▶ [YOUR TASK]
Skip pictures in the listing below; copy exactly the lines from the one with "20Pcs Creative DIY" through the one with "Tapis De Souris", inclusive.

▶ [GIVEN DATA]
______________________________

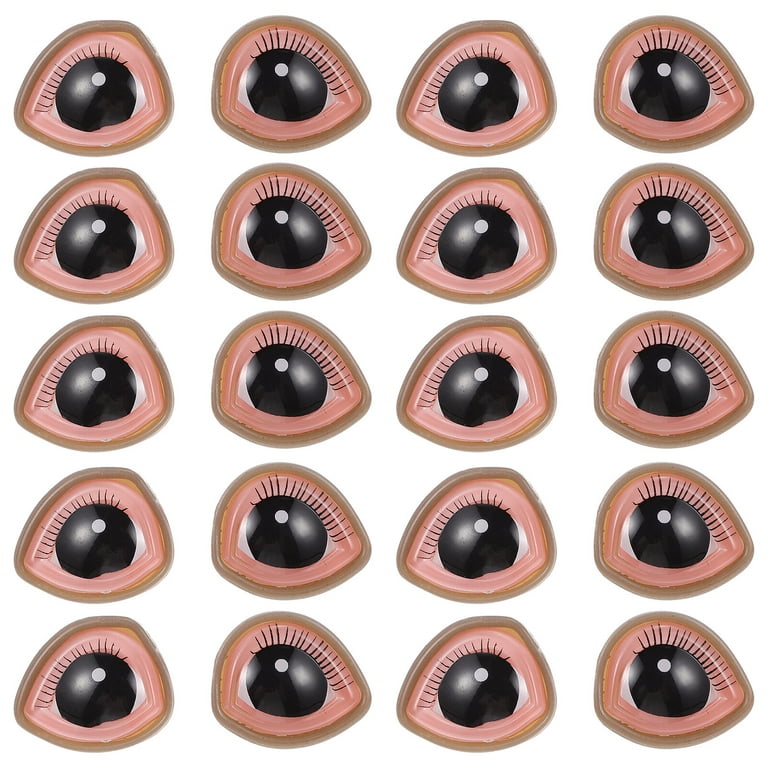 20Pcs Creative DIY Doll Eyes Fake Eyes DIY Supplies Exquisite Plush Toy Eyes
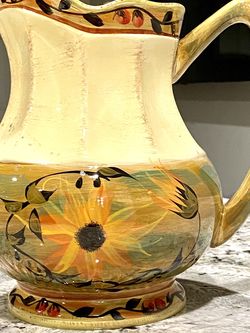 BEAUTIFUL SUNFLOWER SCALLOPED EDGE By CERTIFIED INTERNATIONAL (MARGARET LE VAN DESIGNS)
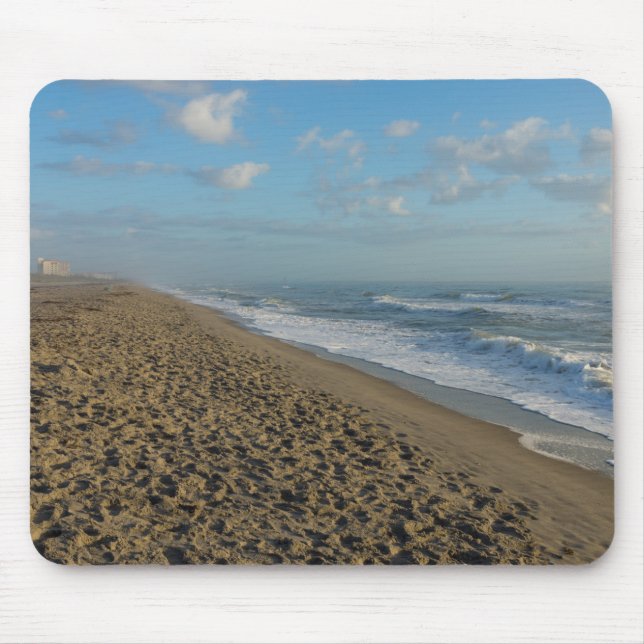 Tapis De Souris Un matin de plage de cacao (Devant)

______________________________

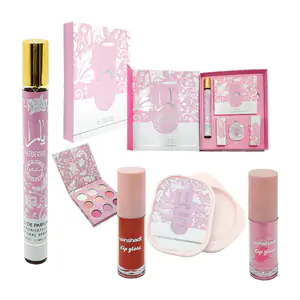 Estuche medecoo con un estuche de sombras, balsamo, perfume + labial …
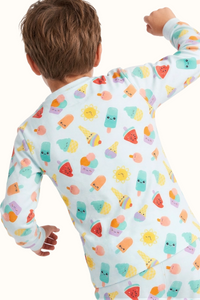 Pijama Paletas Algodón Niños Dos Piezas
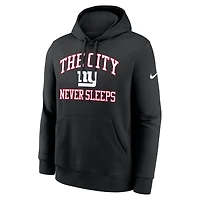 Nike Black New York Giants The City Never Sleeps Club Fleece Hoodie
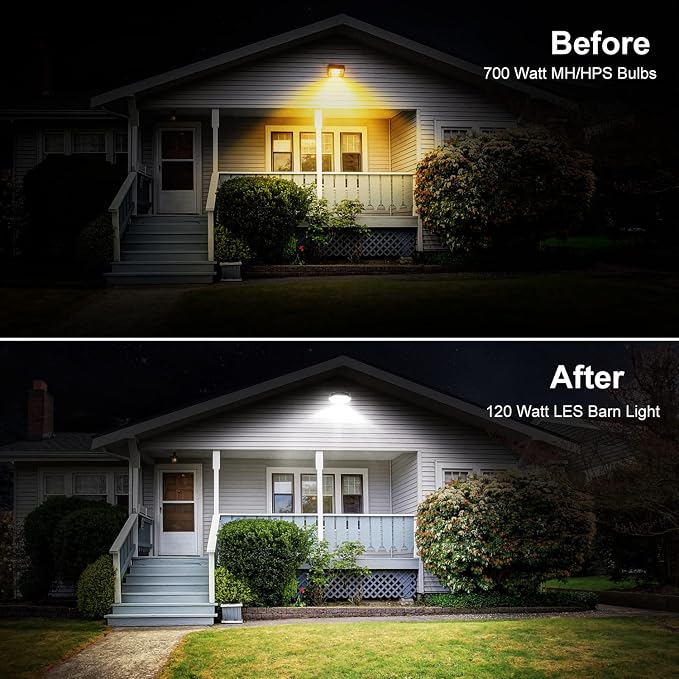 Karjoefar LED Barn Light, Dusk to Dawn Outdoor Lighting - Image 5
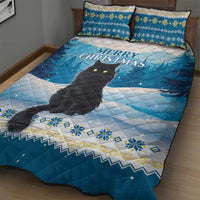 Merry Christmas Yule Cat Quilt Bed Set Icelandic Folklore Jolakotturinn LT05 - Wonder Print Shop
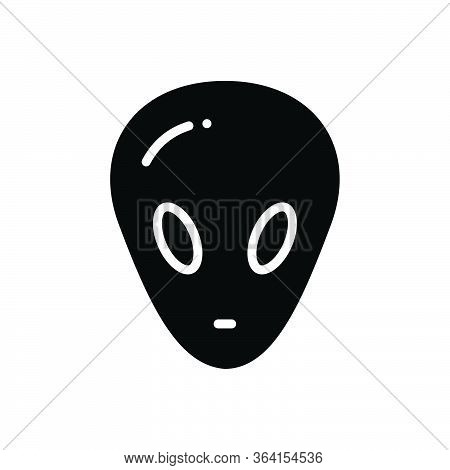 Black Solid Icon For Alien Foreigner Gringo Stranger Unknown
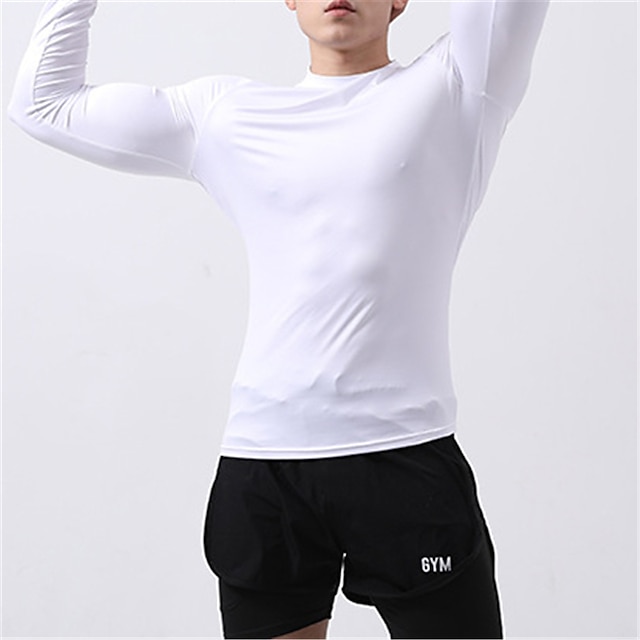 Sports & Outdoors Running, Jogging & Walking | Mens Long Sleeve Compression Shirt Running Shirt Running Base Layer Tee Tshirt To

______________________________

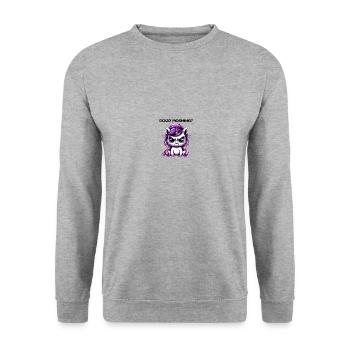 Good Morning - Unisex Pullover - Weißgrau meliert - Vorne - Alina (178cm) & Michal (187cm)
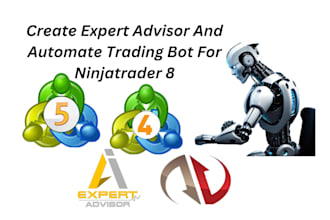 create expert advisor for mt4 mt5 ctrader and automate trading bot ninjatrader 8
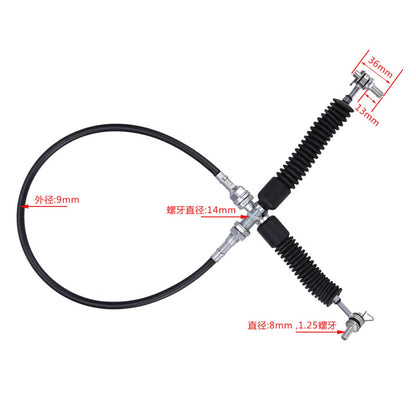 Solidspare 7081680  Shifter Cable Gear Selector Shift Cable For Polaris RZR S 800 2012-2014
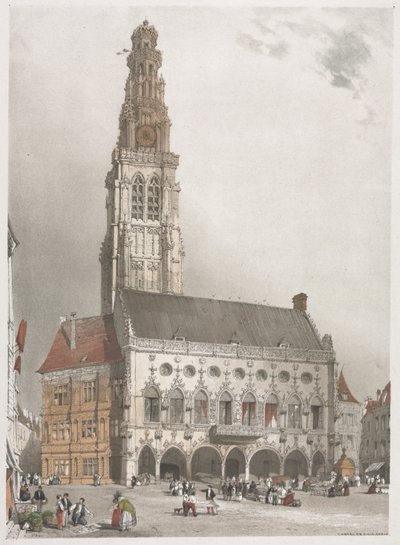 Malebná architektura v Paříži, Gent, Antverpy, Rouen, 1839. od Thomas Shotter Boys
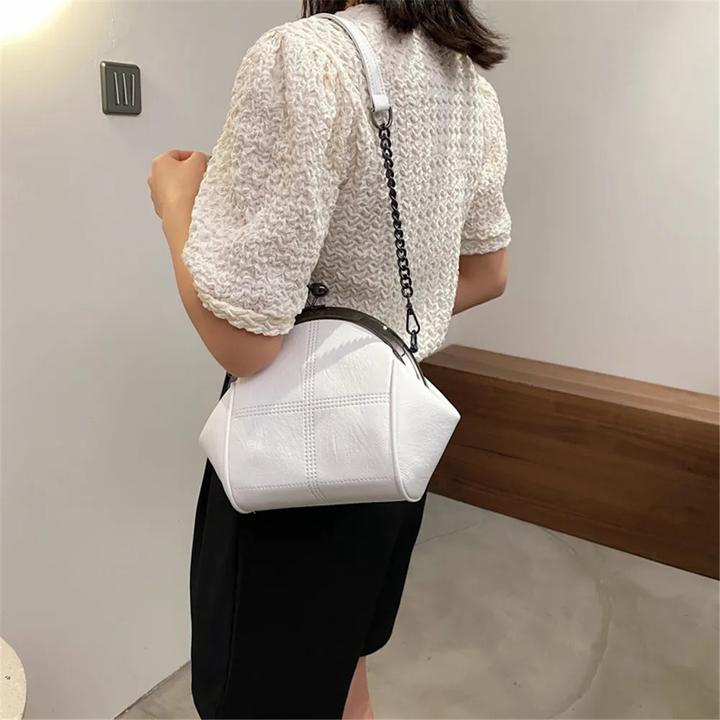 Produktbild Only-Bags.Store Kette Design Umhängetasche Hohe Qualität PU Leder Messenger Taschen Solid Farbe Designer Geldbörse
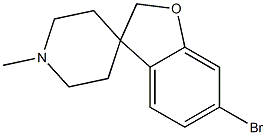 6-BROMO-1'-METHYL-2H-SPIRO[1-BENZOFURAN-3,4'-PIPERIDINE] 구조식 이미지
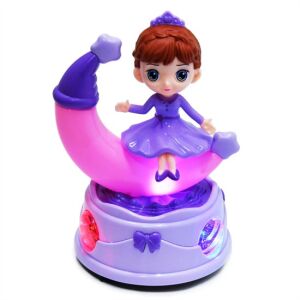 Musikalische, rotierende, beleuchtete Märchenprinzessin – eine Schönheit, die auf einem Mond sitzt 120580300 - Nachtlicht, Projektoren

______________________________

▶ [EXERCISE OUTPUT]
 20Pcs Creative DIY Doll Eyes Fake Eyes DIY Supplies Exquisite Plush Toy Eyes
 BEAUTIFUL SUNFLOWER SCALLOPED EDGE By CERTIFIED INTERNATIONAL (MARGARET LE VAN DESIGNS)
 Tapis De Souris Un matin de plage de cacao (Devant)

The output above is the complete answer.